Hanya seperempat dari kerugian akibat banjir yang ditanggung oleh asuransi.

"Meskipun pandemi Covid-19 berdampak luas, perubahan iklim tetap menjadi ancaman jangka panjang terbesar bagi ekonomi global," kata Swiss Re dalam sebuah komentar tertulis, dikutip dari South China Morning Post, Selasa (19/7/2022).

"Dan efek dari perubahan iklim sudah bermanifestasi dalam bahaya kedua, seperti banjir bandang, kekeringan, dan kebakaran hutan," jelas perusahaan reasuransi itu.

Saat gelombang panas melanda sekitar Spanyol hingga Italia, benua Eropa mengalami bulan terpanas kedua yang tercatat sekitar 1,6 derajat di atas rata-rata pada Juni 2022.

Kantor Meteorologi Inggris juga sempat mengeluarkan peringatan pertamanya untuk cuaca panas yang luar biasa, memperkirakan suhu bisa melebihi 40 derajat di beberapa wilayah negara itu awal minggu depan, yang akan melampaui rekor 38,7 derajat pada 2019.

"Kekeringan mungkin juga terjadi selama tiga bulan ke depan di sebagian besar Eropa," ungkap Deutscher Wetterdienst, layanan meteorologi Jerman, pada 6 Juli lalu.

"Dalam jangka panjang, tergantung pada tingkat pemanasan global di masa depan, curah hujan di wilayah Mediterania akan berkurang (dan) di musim panas, ada risiko kekeringan menyebar ke Eropa tengah dan terutama di barat," lanjutnya.

 

* Fakta atau Hoaks?
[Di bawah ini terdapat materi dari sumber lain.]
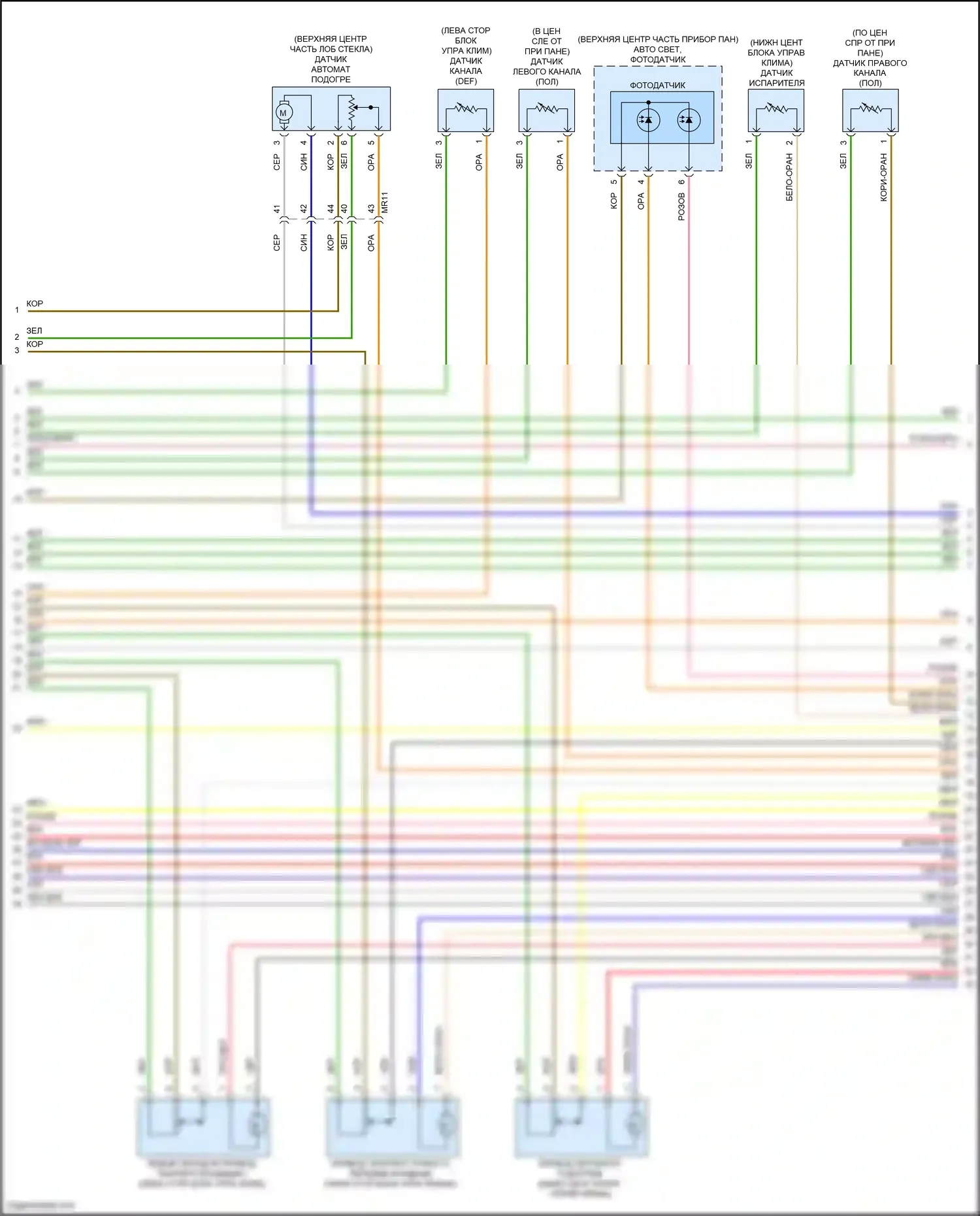 Sorento Kia IV (2020-2024): Электросхема климат контроля, гибрид (3 из 6)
Untuk mengetahui kebenaran informasi yang beredar, silakan WhatsApp ke nomor Cek Fakta Liputan6.com 0811 9787 670 hanya dengan ketik kata kunci yang diinginkan.
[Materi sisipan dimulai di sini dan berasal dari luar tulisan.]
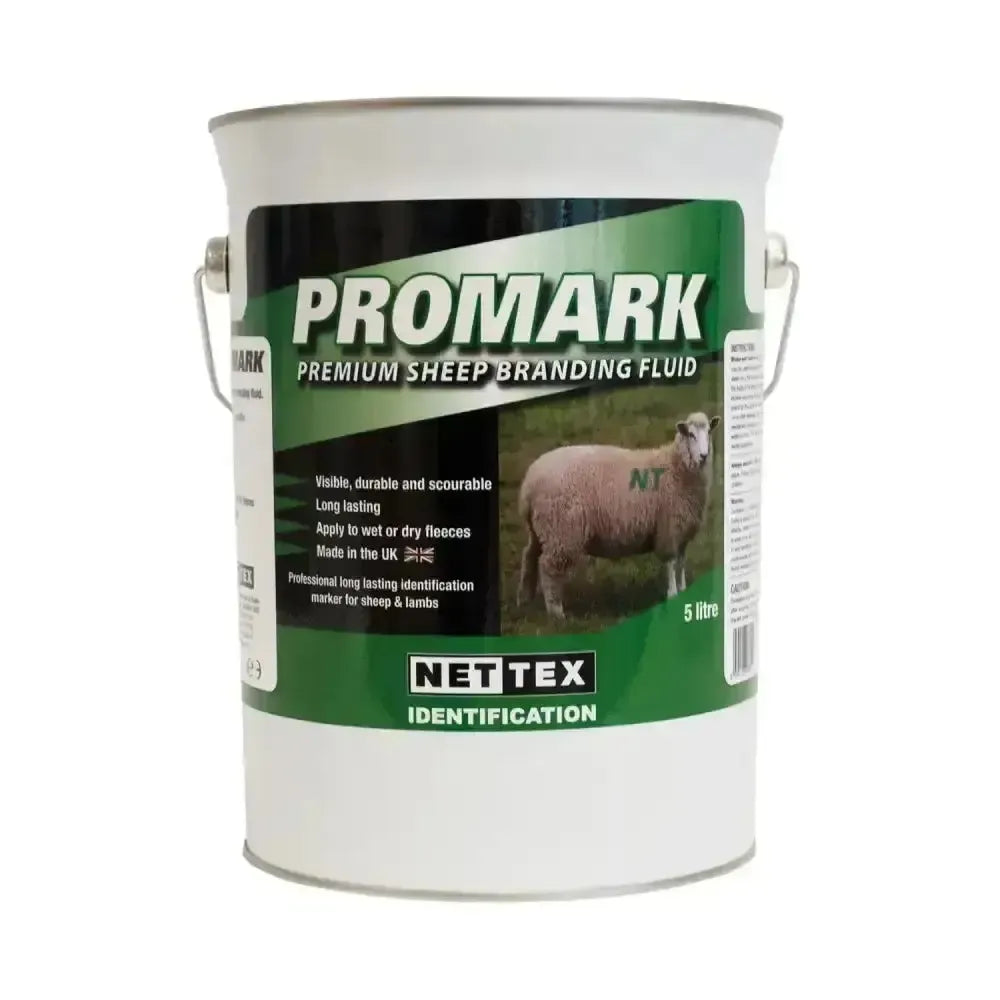 Nettex Agri Promark Branding Fluid 5 Litre Black Smallholder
China Hadapi Gelombang Panas Terbesar hingga Australia Merugi Rp 79,1 T Akibat Banjir

Kasus COVID-19 Meroket, China Lockdown Shanghai
Seorang pria berjalan di sepanjang Sungai Huangpu di distrik Pudong yang dikunci sebagai tindakan melawan Covid-19, di Shanghai (28/3/2022). Shanghai lockdown setiap setengah kota secara bergiliran untuk tes Covid-19 massal mulai Senin (28/3/2022) di tengah lonjakan infeksi. (AFP/Hector Retamal)
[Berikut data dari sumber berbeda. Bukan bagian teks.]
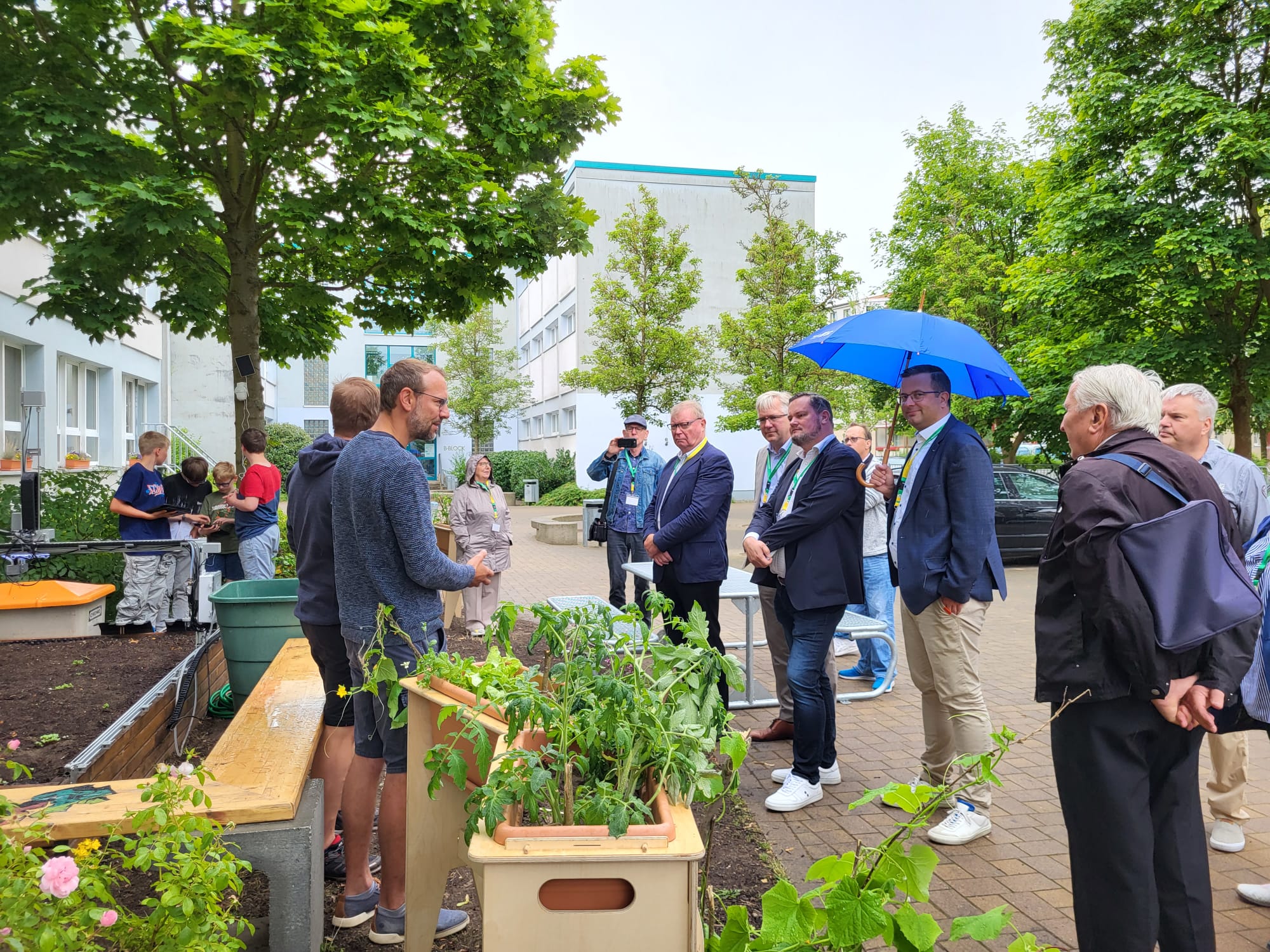 Fraktionsvorsitzender René Domke bei den Kleingartenfreunden in Wismar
Di China, selama 42 hari pertama musim panas hingga 12 Juli, negara itu mengalami 5,3 hari gelombang panas, menurut data dari Pusat Iklim Nasional China.

Gelombang panas di China telah berlangsung selama lebih dari 30 hari, mempengaruhi lebih dari setengah wilayah negara itu dan hampir dua pertiga dari populasinya.

"Saya tidak keluar hari ini karena suhunya melelebihi 40 derajat setiap hari," kata Minny Wu, seorang warga yang pulang dari Shenzhen ke kampung halamannya Chongqing untuk merawat ayahnya yang menderita kanker.

Adapun Hong Kong, yang melihat musim panas yang luar biasa panjang sejak 8 Juli 2022, dengan suhu tertinggi harian 33 hingga 35 derajat.

Gelombang panas ini diperkirakan akan berlangsung hingga setidaknya 25 Juli mendatang.

Di Australia timur, kerugian yang diasuransikan akibat banjir awal tahun ini mencapai USD 4,8 miliar atau setara Rp 71,9 triliun, menjadikannya peristiwa cuaca termahal ketiga di negara itu, menurut Dewan Asuransi Australia.

 

Dana yang Dibutuhkan

Ilustrasi perubahan iklim
Ilustrasi perubahan iklim (AFP)

Para ahli mengatakan, nol bersih pada tahun 2050 diperlukan untuk mencegah dampak terburuk dari perubahan iklim.

Pada tahun 2100, aset global yang terkena risiko banjir pantai sekali dalam 100 tahun diproyeksikan mencapai antara USD 7,9 triliun dan USD 12,7 triliun (Rp 190,3 kuadriliun), bahkan jika emisi karbon dioksida mulai menurun sekitar tahun 2045 hingga mencapai kira-kira setengah dari tingkat tahun 2050 pada tahun 2100.

Beberapa musim panas dan peristiwa banjir tahun ini mengikuti gelombang panas ekstrem yang memecahkan rekor tahun lalu di Amerika Utara bagian barat, Rusia dan Eropa Timur, selain banjir parah di Eropa barat yang menyebabkan kerugian USD 41,8 miliar (Rp 626,5 triliun).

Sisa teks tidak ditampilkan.